Un amigo, devoto contador de chascarrillos, me relató esta breve historia que la pongo aquí sobre tablero: “Mi abuelo se casó hace poco con una chica de 21 que resultó muy católica, pues no para de hablar del nuevo testamento”. Perlas como esta, dichas (se supone) con un tono burlón pasan por sutiles ironías. Según los entendidos, Freud entre ellos, la ironía es una forma de lo cómico aunque, en sí misma, no es un chiste. El chiste se hace, la comicidad se descubre. Y la ironía aflora solo cuando tal descubrimiento se revela. Al igual que el estornudo que llega de repente, lanzar una ironía o una broma liviana nos deja una sensación de desahogo. La ironía es ese juego de la inteligencia mediante el cual se dice lo contrario de lo que se piensa, pero dando a entender que se piensa lo contrario de lo que se dice.
La ironía en todas sus formas, de la más sutil a la más sarcástica, está presente en nuestra cotidianidad.
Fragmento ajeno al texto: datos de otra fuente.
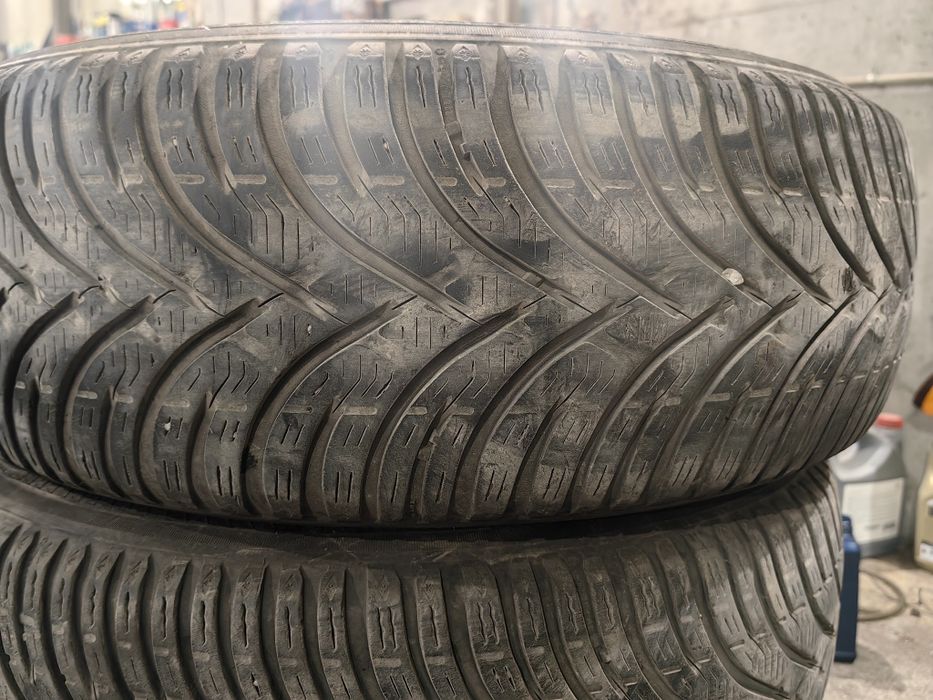 Зимни гуми Kleber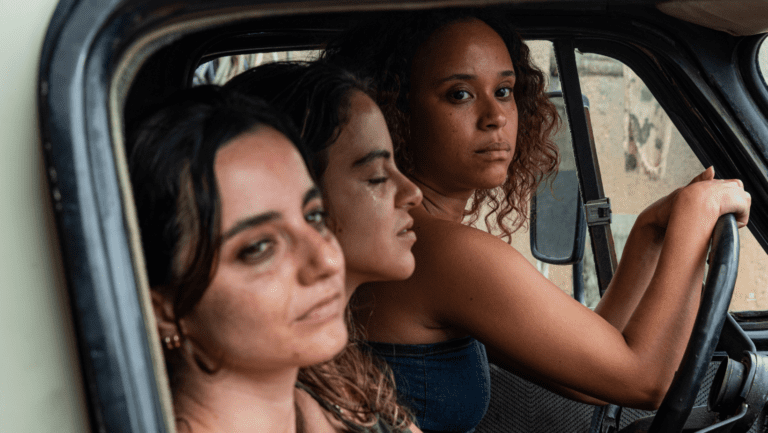 Serra das Almas estreia em 24 de abril nos cinemas brasileiro, com direção do cineasta pernambucano Lírio Ferreira.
Por su carácter polimorfo y polifónico, la ironía emerge en aquellos fugaces instantes de dicha como también en las incontables horas de la desesperanza. Es alivio para el triste que, no teniendo otra salida, encuentra en la ironía un refugio para no sucumbir del todo. Reírse de uno mismo es, al fin, la mayor prueba de superación de un hombre inteligente.
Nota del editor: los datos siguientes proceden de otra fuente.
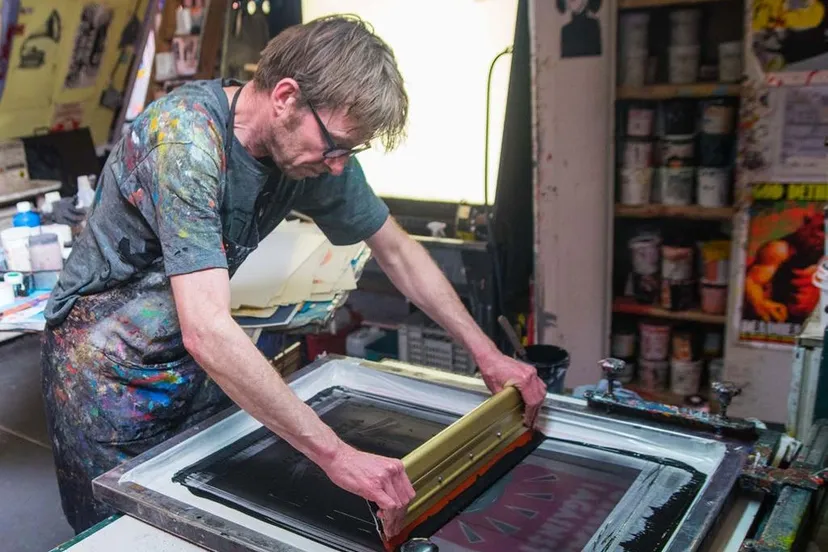 willem kolvoort foto door sander van der bij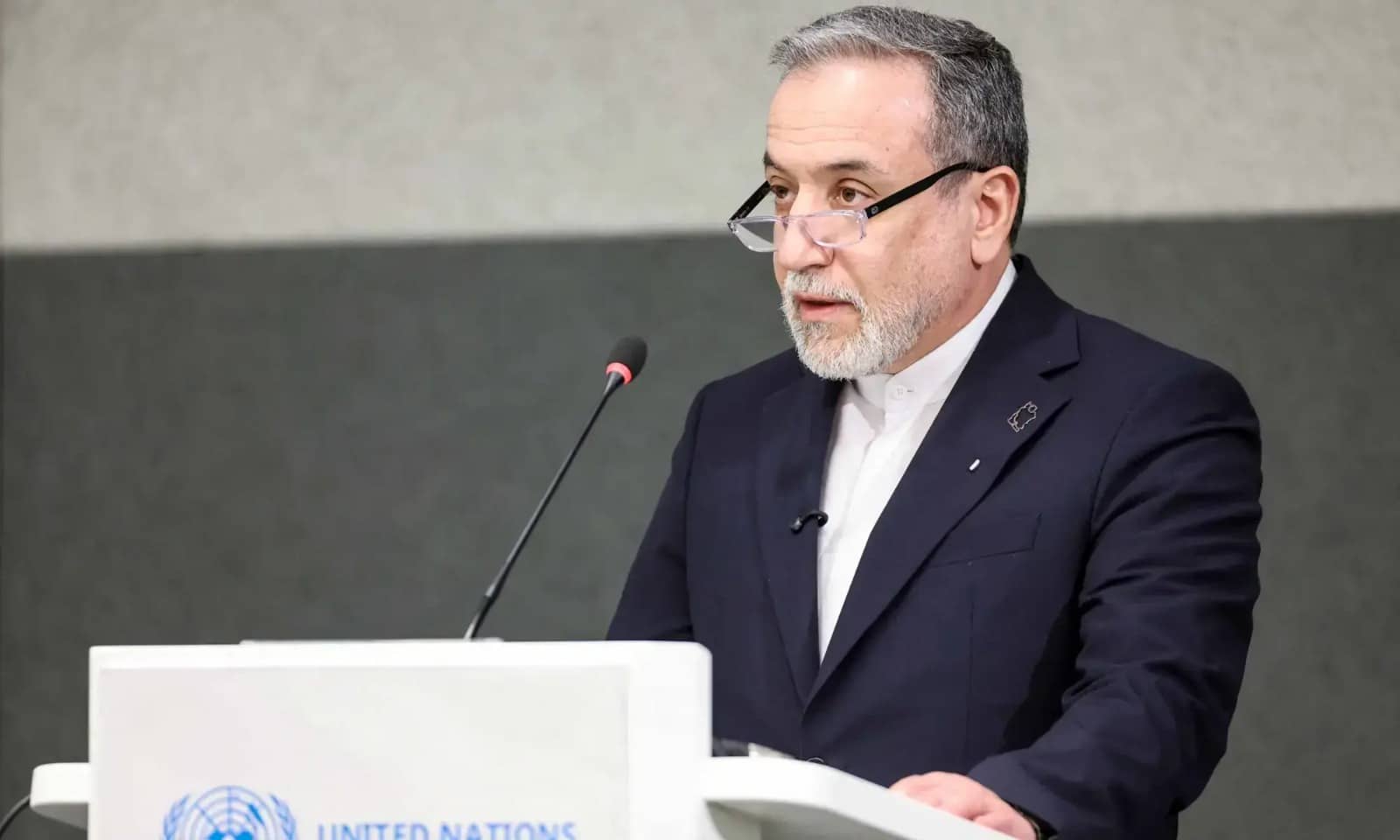 Iranian Foreign Minister Returns to Islamabad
En el ámbito de la cultura y como figura retórica, la ironía está presente en las más depuradas creaciones del pensamiento filosófico y literario. Sócrates, el más sabio de los hombres de su tiempo, proclamaba ese “solo sé que nada sé” con el que desnudaba a los ignorantes que pretendían saberlo todo. De principio a fin, el Quijote cervantino es una parodia, una ironía que desborda humanidad ya que comprende lo que ironiza a la vez que lo supera. “Caracterizar sus ironías -ha dicho Harold Bloom- es una tarea imposible; pasarlas por alto también es imposible”. Maestro de la ironía fue Montaigne quien, en el pórtico de sus célebres “ensayos” advertía: “Lector, soy yo mismo la materia de mi libro; no es razonable que emplees tu tiempo en un asunto tan frívolo y tan vano”. Ironía la de Erasmo de Róterdam que haciendo un “elogio” de la locura, lo que realmente hizo fue salir por los fueros de la sensatez. Ácido corrosivo es la ironía en la pluma de Juan Montalvo, pretendió con ella desollar a sus enemigos. Ironía la de Borges quien, en un juego de espejos, convierte al nebuloso Pierre Menard en el padre de don Quijote y a todo lector de su cuento en cómplice de ese cuento.
Schelegel afirmaba que la filosofía es la verdadera patria de la ironía a la que define como “belleza lógica”. Junto a la razón crítica está la razón irónica, la que deslegitima el dogmatismo y hace posible la deconstrucción del pensar. La ironía batalla desde dentro, rompe la red de las palabras, saca a la luz el pensamiento. Solo en un mundo vulgar en el que impera la grosería es imposible la ironía.